* _What you need to do_:
Exactly the lines below from the line with "Whitework Inspirations: 8" through the line with "Fender Tone Master" must make up the answer, both ends included and pictures left out.

* _Provided data_:
━━━

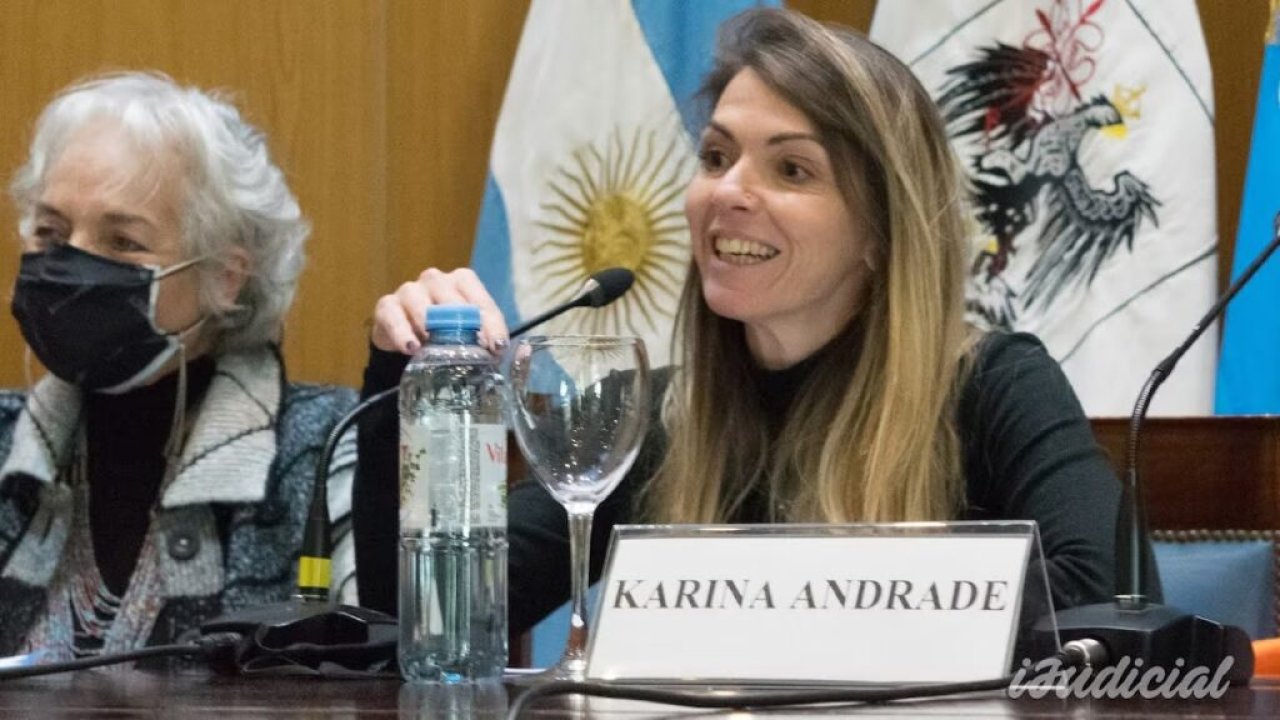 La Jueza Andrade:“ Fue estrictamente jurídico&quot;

━━━

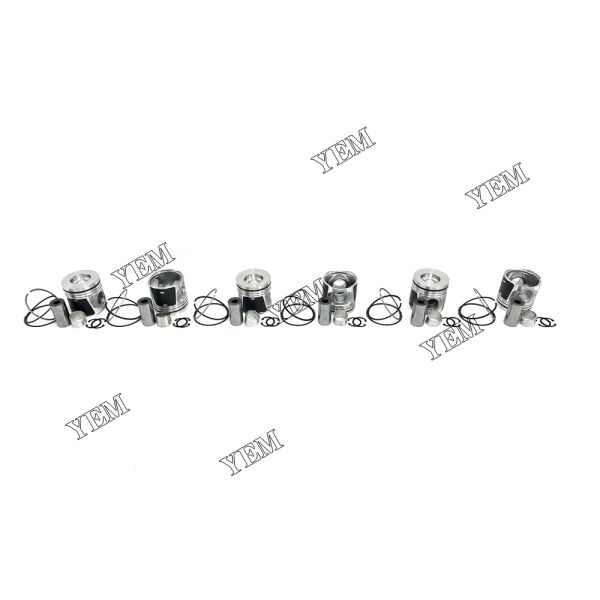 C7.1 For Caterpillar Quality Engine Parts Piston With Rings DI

━━━

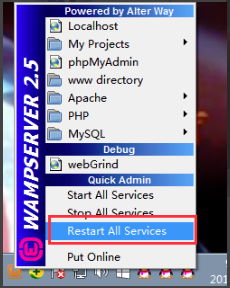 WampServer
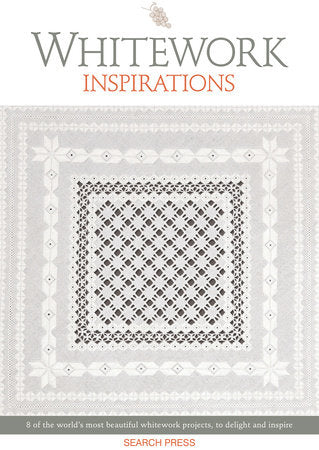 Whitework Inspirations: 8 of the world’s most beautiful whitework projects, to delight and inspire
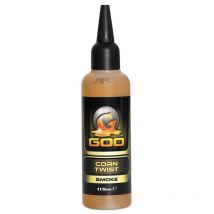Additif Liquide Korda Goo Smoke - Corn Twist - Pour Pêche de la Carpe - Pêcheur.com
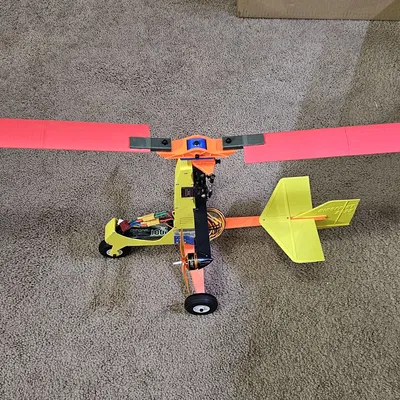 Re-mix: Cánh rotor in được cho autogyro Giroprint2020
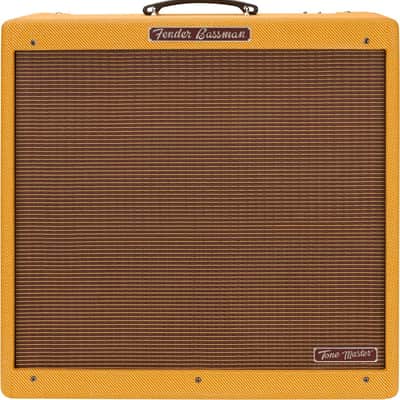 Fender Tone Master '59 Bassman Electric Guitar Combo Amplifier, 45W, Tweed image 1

━━━

* _Response_:
 Whitework Inspirations: 8 of the world’s most beautiful whitework projects, to delight and inspire
Additif Liquide Korda Goo Smoke - Corn Twist - Pour Pêche de la Carpe - Pêcheur.com
 Re-mix: Cánh rotor in được cho autogyro Giroprint2020
 Fender Tone Master '59 Bassman Electric Guitar Combo Amplifier, 45W, Tweed image 1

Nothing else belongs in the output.